Since those founding times, of course, the tradition that has emerged has become rich and complex, but at its heart still stands the enduring commitment to and belief in equality and respect for alternative viewpoints – and, importantly, the value of rational argument.  These were ideals that, if we buy in to James Webb’s fascinating Born Fighting, were part of the fabric of life for the clans and tribes that had inhabited Ulster and Scotland and fought with such determination against the English for liberty and the freedom to live in accordance with their own beliefs and values. And in that tradition too the Scottish covenanters refused to have bishops thrust upon them, and dissented, time and time again. They were the men and women who took on authority during the great revolutions of the 18th century, in America, in France, and, like it or not, during the Irish rebellion of 1798.

 

So isn’t it pretty ironic that Mr Bryson should use the phrase ‘the reformed religion’ while so aggressively critiquing the concepts of ‘modernizing’ or ‘adapting’, and so ultimately the very notion of change upon which the Protestant tradition was truly founded?

 

And there’s something else that confuses me. If Protestantism is in fact none of these things, what differentiates it from Catholicism? This rather odd piece of chest-thumping actually seems to have made the case for a version of Protestantism that is not substantively different from the Catholicism that I’ve no doubt Bryson detests with every fibre of his being.

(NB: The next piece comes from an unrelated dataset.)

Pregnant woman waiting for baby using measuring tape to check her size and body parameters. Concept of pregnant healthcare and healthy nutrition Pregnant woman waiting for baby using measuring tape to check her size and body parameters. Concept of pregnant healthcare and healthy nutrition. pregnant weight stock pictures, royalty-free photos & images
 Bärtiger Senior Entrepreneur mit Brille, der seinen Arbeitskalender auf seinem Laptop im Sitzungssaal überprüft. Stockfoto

Is it really all as tribal as Mr Bryson would have us believe?

 

To put it most kindly, therefore, Mr Bryson’s words are an inaccurate portrayal of that tradition. But one might also argue that Mr Bryson’s words are a betrayal of much of what that tradition represents and what many fought and died for. Instead of basing his argument in fact, Mr Bryson is using the siren call of ‘identity’ to justify his hatred against anything he doesn’t agree with.

 

Which brings me on to the next point. Identity is itself a complex phenomenon. It isn’t something we are born with, and we all have many different identities, some of which are important in some moments (my identity as a man feels important when I hear statements like ‘all men are rapists’). There are days when a loyalist feels that side of his or her identity more than others – the Twelfth, or during Remembrance services. Likewise I can assure Mr Bryson that if he had been born on the Falls he would not be writing as he is now. We are all influenced by those we grow up with, and we continue to be influenced by all those around us, all the time, consciously or subconsciously. And our identities are constantly changing because of those influences. None of us are the same person we were ten or twenty years ago. None of us hold entirely the same views on everything as we did back then. What this unavoidable reality means is that there is no single loyalist ‘identity’. Indeed, if we are again to stay true to the democratic principles at the heart of loyalism, there ought to be (and in reality are) many different loyalist identities.

 

All of which might be too nuanced or complex to work with. But before returning to beating the drum Mr Bryson, I’d urge you to stop and give thought to my last argument. Even if you disputes what the Protestant tradition really means, even if you refuse to see identity as something complex and changeable and susceptible to lots of different influences, perhaps you might accept that holding fast to illiberal, intolerant and exclusive creeds in the name of preserving what is good about the past just won’t get loyalism very far. The steps towards advancing as a people, raising our quality of life, making a better future for our children and making our society better have always, history has shown, been made by those who could take what was best about their culture and tradition and adapt it to the world they lived in. Who could find ways to connect with others of different creeds, who could find the core humanity that lies in us all, no matter what our beliefs, life goals, dreams or values.

 

What you propose, Mr Bryson, in the name of ‘standing up for your beliefs’ is, in fact, a form of killing those very beliefs and the people who live by them. You won’t protect what is best about loyalism by climbing into a bunker and erecting walls. You won’t protect what is best about loyalism by refusing to explain it in terms that other people can understand. No, instead you’ll ensure loyalism dies, becomes an irrelevance, is sidelined and ostracised by politicians, businesses and even a lot of regular folk.

 

Nor can you protect what is best about loyalism by denying the value of progress and wanting to unpick what society has become and return to some sort of stone age era where we piss around our territory and steal women and food from opposing tribes. I for one value modern medicine, I value the fact that our kids have the chance to go to school. I value the computer that allows me to read your views and respond, even though I now live far away. I value the fact women don’t die in childbirth. I value the fact that with some exceptions we don’t generally go around killing others and causing suffering in the world because of what we believe. And yes, I even value the fact that Mr Bryson has a platform to say what he believes.

 

Those are the things Mr Bryson would give up by clambering into that bunker. If every human had his attitude we’d never have left the cave. So not only is he betraying Protestantism, not only is he refusing to see the complexity in the world, not only is he betraying society and progress and everything that helps him get by in the world, he is betraying loyalism. When we refuse to adapt we die – that is a fact that human history has shown in a thousand different ways. And what Mr Bryson is proposing is a suicide note for loyalism, for Protestantism and for a people who are thoroughly decent, who have fought and suffered, and who deserve a lot better.

 

If Mr Bryson would only stop checking under the bed for those red boogie men long enough to think a bit he might realise that too.

visive contexts.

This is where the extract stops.